Dynamisée par la certitude que rien n'est impossible à Dieu, Mère Délia, comme Marie, croit qu'elle peut transporter les montagnes. Cette certitude la fortifie et la rend capable des "oui" les plus audacieux comme les plus douloureux. Elle est sûre de son Dieu et vit avec une étonnante profondeur cette liberté, cette transparence qui est propre à l'action de grâces.

Dieu peut la combler de sa plénitude, multiplier ses grâces et appels, il trouvera toujours en Délia accueil et don. Il rencontrera un coeur qui écoute et qui ne connaît pas les demi-mesures, un être disponible pour le service, quel qu'il soit et où que ce soit.

Vie consacrée à la mission avec Marie

L'action de grâces n'apparaît en sa fécondité que dans le don de soi. La mission du Fils de Dieu, celle de Marie et celle de l'Église en sont l'illustration. Celle de Délia Tétreault l'est aussi. Elle le constate elle-même:

L'apostolat auprès des infidèles nous a été donné, me semble-t-il, par la Sainte Vierge comme moyen extérieur de manifester notre reconnaissance.(Lettre, 4 sept. 1916)

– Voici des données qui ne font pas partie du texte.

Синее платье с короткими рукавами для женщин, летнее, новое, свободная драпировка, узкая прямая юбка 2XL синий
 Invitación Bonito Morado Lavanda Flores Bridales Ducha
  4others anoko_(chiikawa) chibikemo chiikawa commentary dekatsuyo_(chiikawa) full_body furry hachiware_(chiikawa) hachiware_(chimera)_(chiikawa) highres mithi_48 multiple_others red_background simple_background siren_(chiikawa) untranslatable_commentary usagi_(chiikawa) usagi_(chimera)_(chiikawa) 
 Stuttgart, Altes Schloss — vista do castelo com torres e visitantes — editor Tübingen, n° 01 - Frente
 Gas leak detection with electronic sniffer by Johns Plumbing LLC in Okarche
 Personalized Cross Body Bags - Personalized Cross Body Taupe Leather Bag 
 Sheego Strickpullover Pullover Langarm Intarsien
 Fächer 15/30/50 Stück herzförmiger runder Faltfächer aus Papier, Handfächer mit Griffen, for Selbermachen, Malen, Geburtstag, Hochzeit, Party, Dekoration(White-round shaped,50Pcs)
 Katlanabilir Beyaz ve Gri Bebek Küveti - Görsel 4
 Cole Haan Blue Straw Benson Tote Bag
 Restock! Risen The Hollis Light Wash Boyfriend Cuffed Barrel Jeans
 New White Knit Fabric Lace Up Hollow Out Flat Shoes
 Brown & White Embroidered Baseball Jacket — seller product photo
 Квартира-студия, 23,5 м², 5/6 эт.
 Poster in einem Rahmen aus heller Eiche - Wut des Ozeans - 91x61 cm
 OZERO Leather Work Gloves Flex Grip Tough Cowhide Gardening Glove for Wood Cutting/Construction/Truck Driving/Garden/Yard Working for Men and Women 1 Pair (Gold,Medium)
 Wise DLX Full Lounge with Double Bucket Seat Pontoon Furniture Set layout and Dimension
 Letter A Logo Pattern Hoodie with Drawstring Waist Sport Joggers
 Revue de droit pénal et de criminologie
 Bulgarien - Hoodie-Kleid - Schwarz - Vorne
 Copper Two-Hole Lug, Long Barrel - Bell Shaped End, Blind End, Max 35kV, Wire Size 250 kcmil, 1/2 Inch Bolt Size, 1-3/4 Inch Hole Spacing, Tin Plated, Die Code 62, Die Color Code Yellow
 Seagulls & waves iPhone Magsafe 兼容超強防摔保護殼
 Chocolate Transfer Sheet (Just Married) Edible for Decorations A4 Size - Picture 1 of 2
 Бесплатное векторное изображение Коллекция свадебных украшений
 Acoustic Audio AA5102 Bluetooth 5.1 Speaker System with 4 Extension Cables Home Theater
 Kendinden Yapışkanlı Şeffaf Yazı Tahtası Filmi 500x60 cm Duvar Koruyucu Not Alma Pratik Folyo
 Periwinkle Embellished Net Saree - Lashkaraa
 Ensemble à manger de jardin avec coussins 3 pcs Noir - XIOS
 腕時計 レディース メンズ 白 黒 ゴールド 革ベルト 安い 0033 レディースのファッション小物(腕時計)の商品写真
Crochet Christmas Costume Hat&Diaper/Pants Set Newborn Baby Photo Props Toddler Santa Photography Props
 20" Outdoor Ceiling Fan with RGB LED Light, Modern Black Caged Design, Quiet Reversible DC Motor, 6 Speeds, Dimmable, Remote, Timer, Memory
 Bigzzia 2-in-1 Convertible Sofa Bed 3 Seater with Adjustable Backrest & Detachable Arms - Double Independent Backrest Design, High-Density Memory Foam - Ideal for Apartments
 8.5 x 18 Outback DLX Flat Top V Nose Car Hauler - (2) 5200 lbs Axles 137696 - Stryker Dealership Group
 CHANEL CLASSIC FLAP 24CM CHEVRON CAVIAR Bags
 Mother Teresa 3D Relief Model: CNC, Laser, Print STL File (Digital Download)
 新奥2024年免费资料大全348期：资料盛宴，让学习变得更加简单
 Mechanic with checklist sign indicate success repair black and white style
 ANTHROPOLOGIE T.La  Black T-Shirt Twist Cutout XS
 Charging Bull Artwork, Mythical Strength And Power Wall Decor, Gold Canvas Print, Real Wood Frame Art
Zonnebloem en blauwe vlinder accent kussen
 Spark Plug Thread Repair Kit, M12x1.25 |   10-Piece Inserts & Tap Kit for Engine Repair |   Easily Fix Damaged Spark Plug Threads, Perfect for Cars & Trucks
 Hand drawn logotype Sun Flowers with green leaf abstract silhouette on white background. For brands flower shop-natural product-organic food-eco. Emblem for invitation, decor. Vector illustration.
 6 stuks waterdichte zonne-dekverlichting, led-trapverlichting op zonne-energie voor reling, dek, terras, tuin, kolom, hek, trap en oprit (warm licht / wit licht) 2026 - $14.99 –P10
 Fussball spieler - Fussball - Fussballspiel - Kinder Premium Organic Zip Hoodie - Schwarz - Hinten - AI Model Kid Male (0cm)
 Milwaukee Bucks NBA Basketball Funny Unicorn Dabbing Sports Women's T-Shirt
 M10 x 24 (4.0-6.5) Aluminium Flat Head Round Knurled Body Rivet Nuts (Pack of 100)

L'inspiration de Mère Délia remonte à la source de tout bien, à Dieu qui "nous a tout donné, même son propre Fils" en un acte d'incommensurable gratuité. Consciente d'une telle richesse, elle sait nommer la grâce, d'où jaillit l'élan d'action de grâces qui porte au don de soi dans l'action.

C'est notre vie à nous de nous donner ! Ce n'est pas suffisant de remercier Dieu en paroles (…) il nous faut aussi traduire notre reconnaissance en actes. (Entretiens, Archives M.I.C.)

Pour elle, l'engagement missionnaire découle de la prise de conscience de la gratuité divine: il est retour, réciprocité, exigence intérieure, réponse à l'appel d'une grâce offerte. Ainsi, la grâce de la foi reconnue l'incline à rendre grâce personnellement et à partager: "L'unique but de la Société est la propagation de la foi chez les nations infidèles." (Esquisse des Constitutions M.I.C., 1902)

Enfin, chez Mère Délia, c'est une vie qui chante le Seigneur et le remercie pour ses incessants bienfaits; une vie qui invite à faire de même; une vie qui aspire à donner une voix à tant d'êtres qui oublient de remercier Celui à qui ils doivent tout; une vie consacrée à la mission sur les pas de Marie ; une vie heureuse et comblée parce que Dieu est AMOUR, qu'il est fidèle et que TOUT est GRÂCE.